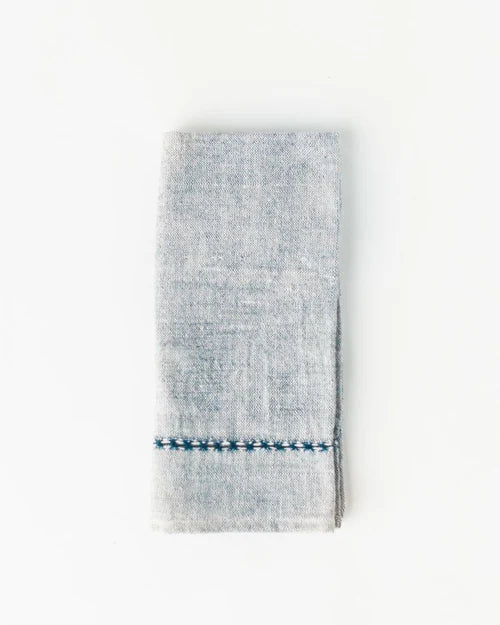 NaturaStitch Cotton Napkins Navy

...

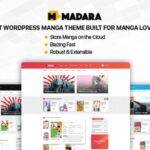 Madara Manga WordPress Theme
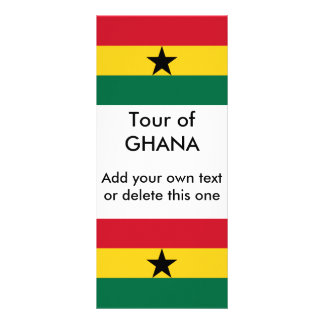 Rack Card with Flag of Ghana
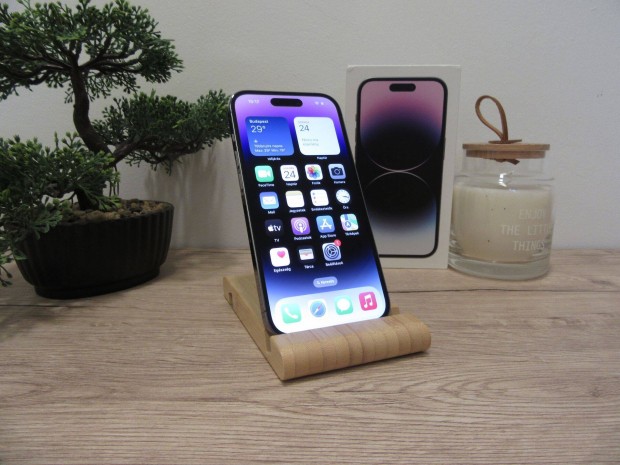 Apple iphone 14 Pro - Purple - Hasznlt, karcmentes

---

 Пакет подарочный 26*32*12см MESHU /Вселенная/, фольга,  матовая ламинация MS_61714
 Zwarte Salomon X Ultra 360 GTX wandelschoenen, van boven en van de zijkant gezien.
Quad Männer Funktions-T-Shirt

# EXERCISE PROMPT
Output only the lines above from the line that holds "Madara Manga WordPress Theme" through the line that holds "Apple iphone 14", both ends included, and exclude pictures.

# PROBLEM SOLUTION
 Madara Manga WordPress Theme
 Rack Card with Flag of Ghana
 Apple iphone 14 Pro - Purple - Hasznlt, karcmentes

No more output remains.